Member of the Maine Senate from the 6th district
- In office 5 December 2012 – 3 December 2014
- Preceded by: Phil Bartlett
- Succeeded by: Amy Volk

Personal details
- Born: August 19, 1958 (age 67)
- Party: Democratic
- Education: University of Maine (BS)
- Profession: Businessperson, politician

= James Boyle (Maine politician) =

American politician

James Allen Boyle (born 19 August 1958) is an American businessperson and politician from Maine. Boyle served as a Democratic State Senator from Maine's 6th District, representing Scarborough, Westbrook and his residence of Gorham from 2012 to 2014. Boyle was a candidate in the January 2022 special election for Maine House District 27, which he won. He ran for Governor of Maine in the 2018 election but dropped out before the Democratic primary. He owned Boyle Associates Environmental Consultants from 1996 to 2017 and Avant Dance & Event Center from 2009 to 2012.

Boyle, who ran as a privately funded candidate, defeated State Representative Tim Driscoll in the Democratic Primary for the District 6 Senate seat. The seat had been held by Phil Bartlett, who was unable to run for re-election due to term limits. In the general election, he beat Ruth Summers, wife of Maine Secretary of State Charlie Summers.

In 2014, Representative Amy Volk (R-Scarborough) defeated Boyle by a margin of approximately 900 votes in the November 2014 general election. The Volk-Boyle race was one of the state's most watched contests. Over $330,000 was spent by outside groups in the race. Boyle lost despite approximately two-thirds of the outside spending seeking to benefit Boyle.

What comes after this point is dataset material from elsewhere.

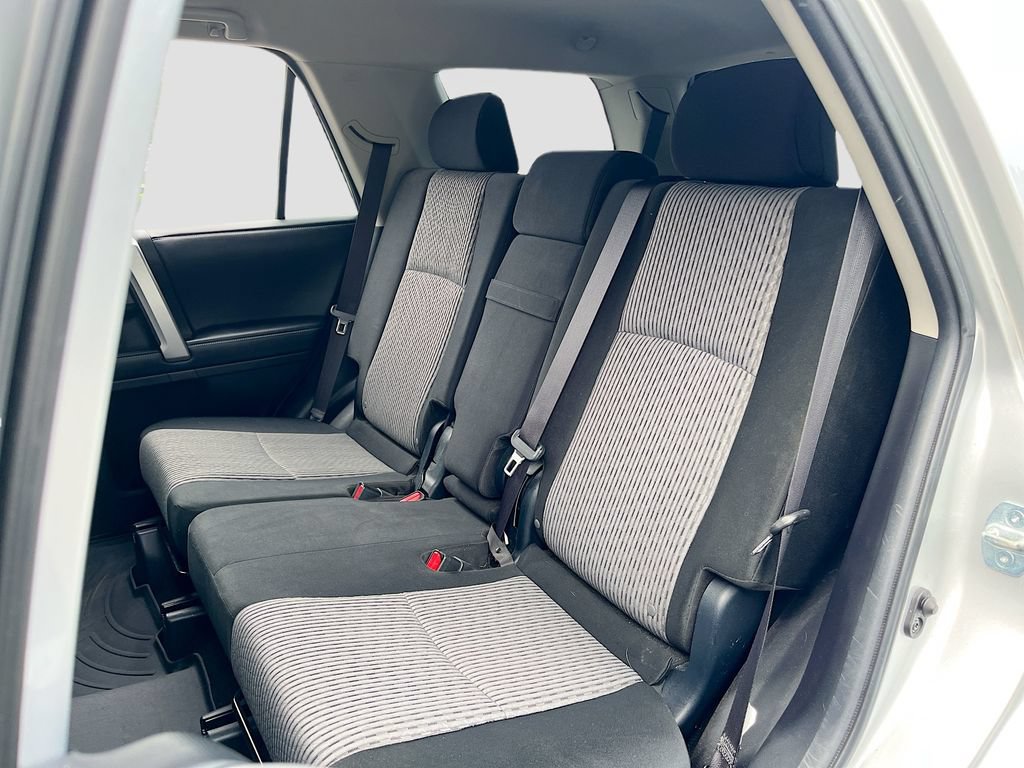 Used 2016 Toyota 4Runner SR5 RWD image 22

He returned to the state legislature in 2022, via a special election to the Maine House of Representatives following the resignation of Kyle Bailey. He was elected to a full term in the regular election that year, but did not run for another term in 2024. He was succeeded by fellow Democrat Eleanor Sato.

He earned a B.S. in forest management from the University of Maine in 1981.